*** Block opens ***

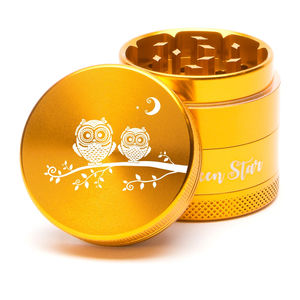 Green Star Creature Medium 4-Piece Grinder - Style:Double Owls - Color:Gold
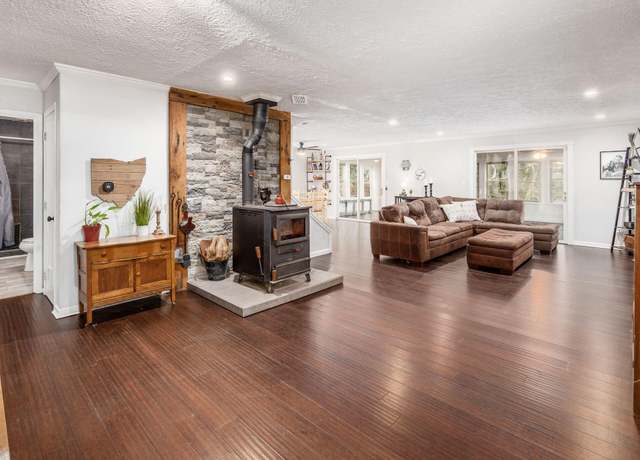 Property at 49 Lookout Ct, Urbana, OH 43078, 4 beds, 3.5 baths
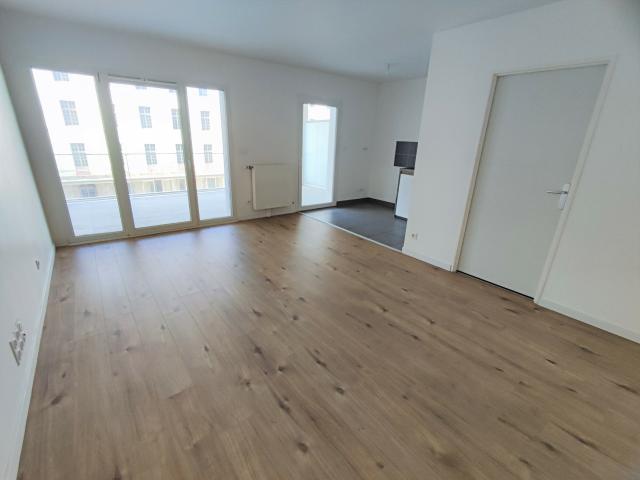 APPARTEMENT TYPE 1 STUDIO DE 38.20 M2 TERRASSE ET PARKING BLD PAIX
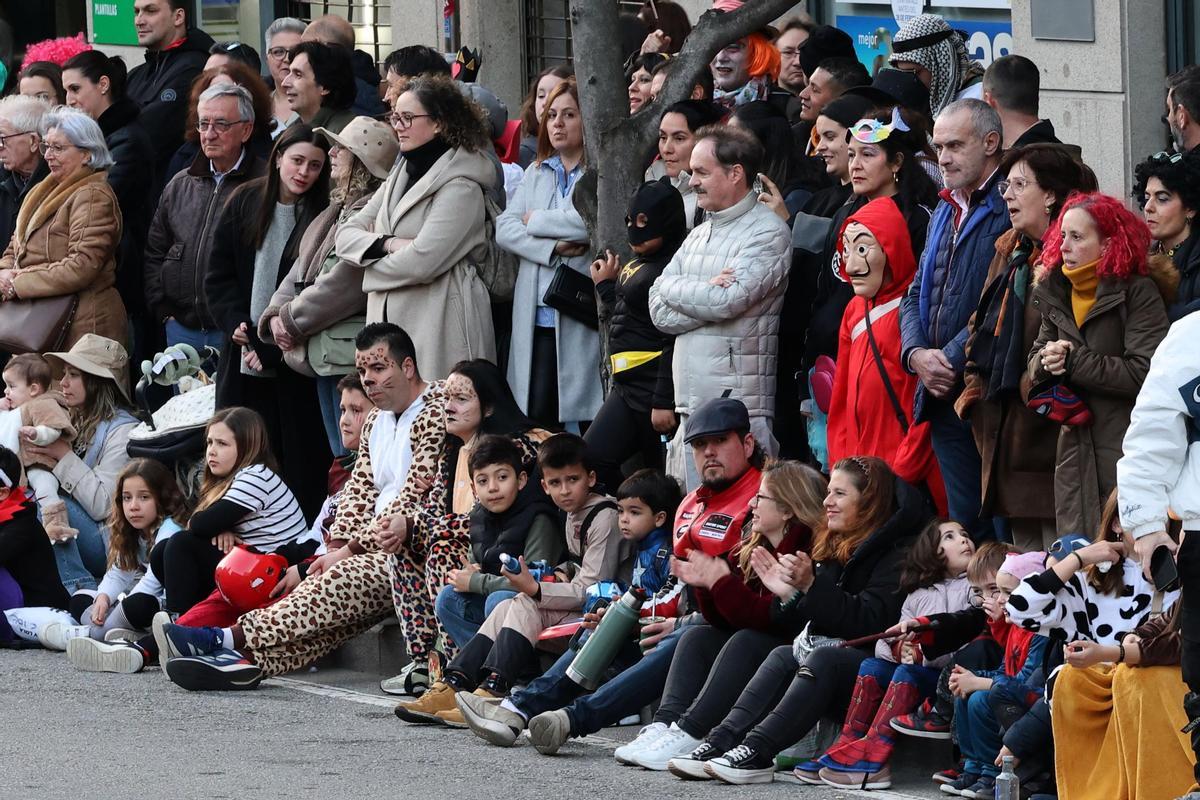 Vigo festeja su Entroido: el desfile de comparsas llena las calles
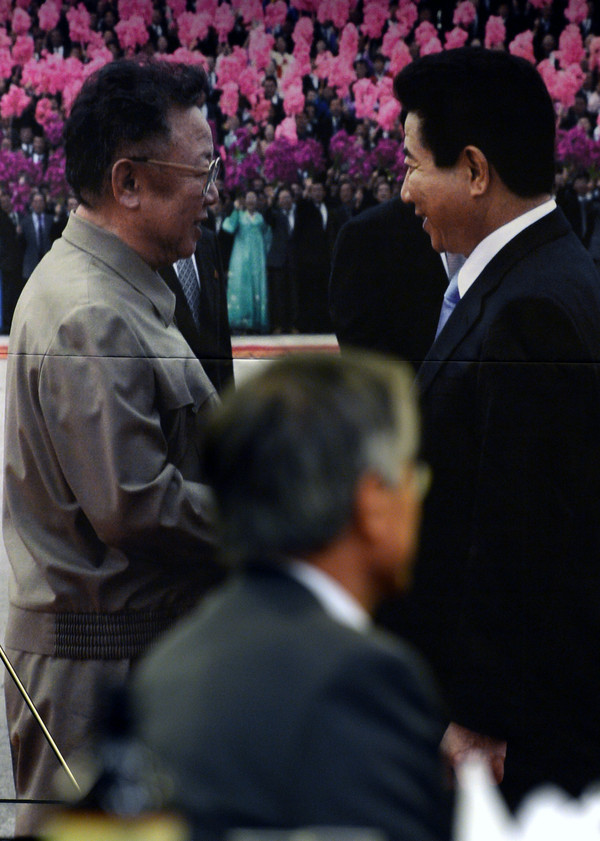 ▲ 지난 2013년 10월 4일 오후 서울 종로구 세종문화회관 세종홀에서 열린 10.4남북정상선언 6주년 기념식에 참석한 민주당 문재인 의원이 북한 김정일과 노무현 전 대통령의 악수 사진을 바라보고 있다.ⓒ뉴시스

*** Block closes ***

• PROBLEM DESCRIPTION: Copy the whole listing exactly, excluding the pictures in it.

• TASK RESULT:
 Green Star Creature Medium 4-Piece Grinder - Style:Double Owls - Color:Gold
 Property at 49 Lookout Ct, Urbana, OH 43078, 4 beds, 3.5 baths
 APPARTEMENT TYPE 1 STUDIO DE 38.20 M2 TERRASSE ET PARKING BLD PAIX
 Vigo festeja su Entroido: el desfile de comparsas llena las calles
 ▲ 지난 2013년 10월 4일 오후 서울 종로구 세종문화회관 세종홀에서 열린 10.4남북정상선언 6주년 기념식에 참석한 민주당 문재인 의원이 북한 김정일과 노무현 전 대통령의 악수 사진을 바라보고 있다.ⓒ뉴시스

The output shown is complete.